Всемирная организация здравоохранения (ВОЗ) дает свое определение здоровья, настолько нелепое, что мы не можем удержаться, чтобы не привести его здесь. «Здоровье это не просто отсутствие болезней или физических изъянов. Это состояние полного физического, психического и социального благополучия». По этой логике, в Советском Союзе поступали совершенно правильно, запирая диссидентов в психиатрические лечебницы: эти люди были действительно больны, ведь их благополучие, особенно психическое и социальное, было далеко не полным… Что касается меня, то за всю свою жизнь, начиная с самого рождения, я навряд ли припомню хоть три дня, когда чувствовал себя настолько здоровым, чтобы отвечать требованиям ВОЗ. Хотя довольно часто я чувствую себя просто хорошо. Но о «полном благополучии», конечно, не идет и речи. «Всегда есть что-нибудь, что идет наперекосяк», – писал Монтень. Или мы чем-то озабочены, или у нас что-нибудь болит, или мы чего-то опасаемся… «Доктор, сегодня утром я думал о смерти. Это тревожит меня. Я чувствую, что мое состояние не полностью благополучно. Может, что-нибудь пропишете?» Рассуждать подобным образом значит смешивать здоровье и спасение, то есть медицину и религию. Бог умер, да здравствует медицинское страхование!
Впрочем, и в начале статьи я уже упоминал об этом, здоровье и в самом деле не равнозначно простому отсутствию болезней. В обратном случае следовало бы допустить, что мертвецы и камни обладают отменным здоровьем. Значит, здоровье – это не отсутствие болезней, а та потенциальная сила – конечная, непостоянная и действительно преходящая, которая позволяет бороться с болезнями и преодолевать их. Вот почему здоровье – самый драгоценный дар. Более дорогой, чем мудрость? Конечно. Ведь никакая мудрость не возможна без здоровья, во всяком случае умственного. Здоровье – не высшее благо (оно не заменяет ни счастья, ни добродетели), но оно самое важное из благ, ибо является условием для всех остальных. Не спасение, а бой. Не цель, а средство.
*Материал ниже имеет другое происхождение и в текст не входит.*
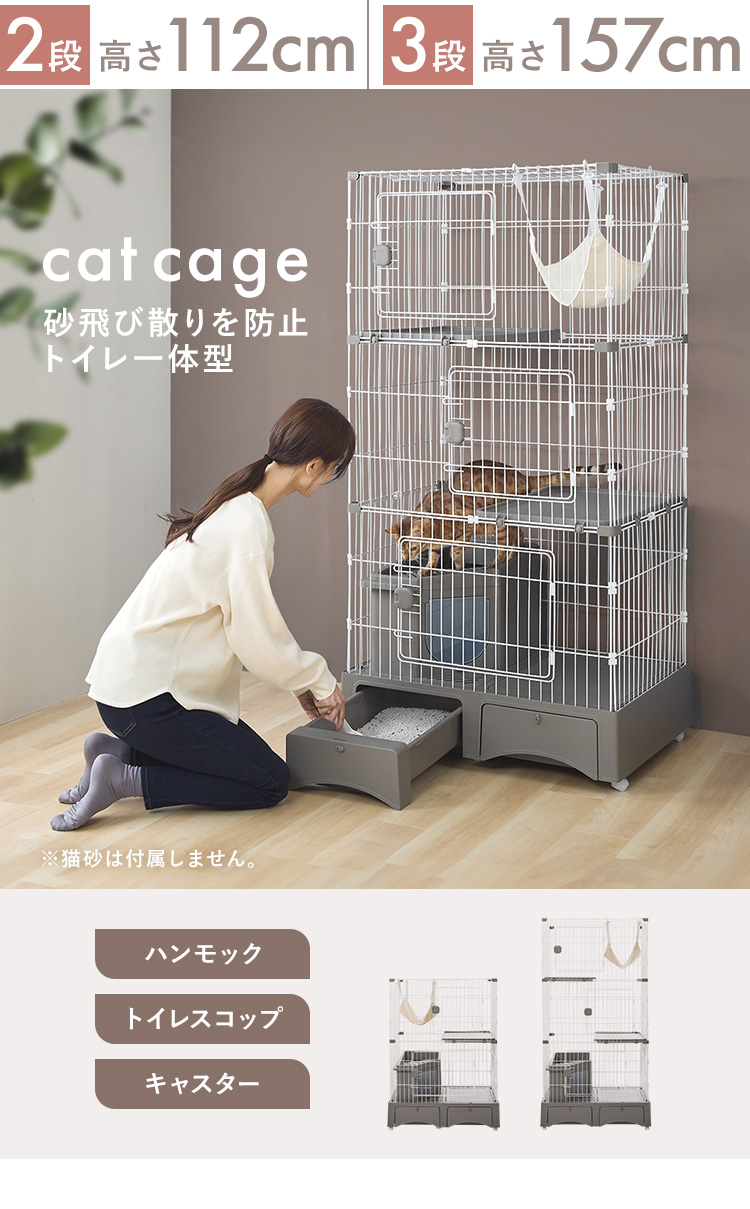 猫 ケージ キャットケージ 2段 ハンモック トイレ ペットケージ 猫ケージ 猫トイレ付 トイレ一体型キャットケージ 猫砂スコップ、ハンモック付き  MB246 (D) : 7262380 : アイリスプラザ Yahoo!店 - 通販 - Yahoo!ショッピング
Не победа, а сила. Здоровье – это conatus всякого живого существа, пока ему худо-бедно удается оставаться в живых.
Здравомыслие (Bon Sens)
Обыденный человеческий разум, не претендующий сколько-нибудь в качестве присущего всем людям свойства. Здравомыслие – это отношение человека к истине или, как говорит Декарт, «способность верно судить и отличать истинное от ложного».
Монтень шутливо отмечает, что здравомыслие есть такая вещь, которой все люди владеют в достатке, поскольку ни один из нас никогда не жалуется на его нехватку («Опыты», книга II, глава 17). Декарт на основании этого, и, возможно, не без иронии, приходит к выводу, что «здравомыслие есть вещь, распределенная справедливее всего», которая «от природы одинакова у всех людей» («Рассуждение о методе», I). Но подобный вывод выражает не только смешение здравомыслия с разумом, что Декарт делает намеренно, но и смешение универсальности как теоретического понятия с равенством как фактическим явлением. Все мы обладаем одним и тем же разумом, потому что другого не существует, но это ни в коем случае не служит доказательством того, что все мы обладаем им в равной или в достаточной мере. Здравомыслие в том и заключается, чтобы это сознавать – так же, как свое отличие от разума и невозможность ни тому ни другому претендовать на звание абсолютного.
Абсолютным разумом может быть только Бог. Здравомыслие как проявление чисто человеческого разума и отделяет нас от Бога и служит ему заменой.